Imagine that in 1950, a family in the United States—let's call them the Smiths—bought a Dairy Queen franchise. They set up a tiny business called Smith Family Holdings to operate this franchise. Their small company provides a comfortable living.

Through years of hard work, their business becomes ingrained within the fabric of the community. There never seems to be a lot of money left over, but it does put food on the table and provide employment, making it worth the trouble despite the headaches of employees, insurance, and capital expenditures that are an inevitable part of owning a small business.

Key Takeaways

  • Compounding, or reinvesting profits earned over time, offers the potential for much more growth than when profits are spent elsewhere.
  • The power of compounding can be applied to many investments, including stocks, bonds, real estate, and small businesses.
  • In addition to reinvesting profits, investors also benefit from regularly contributing to investment portfolios.

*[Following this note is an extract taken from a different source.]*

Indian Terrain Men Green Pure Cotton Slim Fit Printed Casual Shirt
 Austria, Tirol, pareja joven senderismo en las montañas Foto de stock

A Small Investment Grows Quietly

Mr. and Mrs. Smith decide they want to invest in their family's future, but they don't know much about finance or the stock market. Following the advice of some of history's great investors, they look at a market they understand. They began to poke around their business and research the companies that provided them with the products they resell to their customers.

The Smiths realize that, in the ice cream industry, most of the candy toppings are produced either directly or indirectly by two firms: Mars Candy and The Hershey Company. Snickers, Reese's Peanut Butter Cups, M&M's, Butterfingers, Baby Ruth, and a whole host of related toppings provide the perfect flavor for their customers. These products also sell well in local supermarkets, movie theaters, and gas stations. Mr. Smith figures that if someone loves Snickers bars, they aren't going to suddenly stop eating them because they are an affordable luxury.

Unfortunately, Mr. Smith discovers that Mars has always been, and remains, a privately owned family business so he can't invest in it. The Hershey Company, however, is very much public. The Smith family decides to set aside $10 per week, which is all they can afford.

They create a small family retirement program and enroll in Hershey's direct stock purchase plan, which allows them to buy shares for little or no commission directly from the company. The family also always reinvests their dividends.

Virtually all major public corporations have direct-buy programs for their stock, though most new investors don't know about them because brokers want to get the commission on trades.

The Smith family goes about its business and, upon the death of Mr. and Mrs. Smith, the family business gets passed on to their two children, Susie and Walter, who continue to run it. Without fail, Susie continues writing the weekly $10 check for Hershey's stock that her mother had faithfully written over the years. They never increased the amount saved each week, meaning that the $10 now represents less than the cost of a single movie ticket.

Since it was part of a retirement plan owned by the company, neither Susie nor Walter Smith paid much attention to the Hershey stock account their parents had originally set up all those years ago. They figured that $10 a week was small, so they hoped that any extra money left over when they retired and sold the Dairy Queen would be a nice bonus to provide a little extra security.

The Power of Compounding

One day, Susie and Walter, now middle-aged with kids of their own, decide they can't run the restaurant anymore. The capital expenditures continue to increase, they don't want to commit to a new business loan, and they feel that it is time to move on and start anew. They meet with the accounting firm that worked with their parents for decades and begin the liquidation process.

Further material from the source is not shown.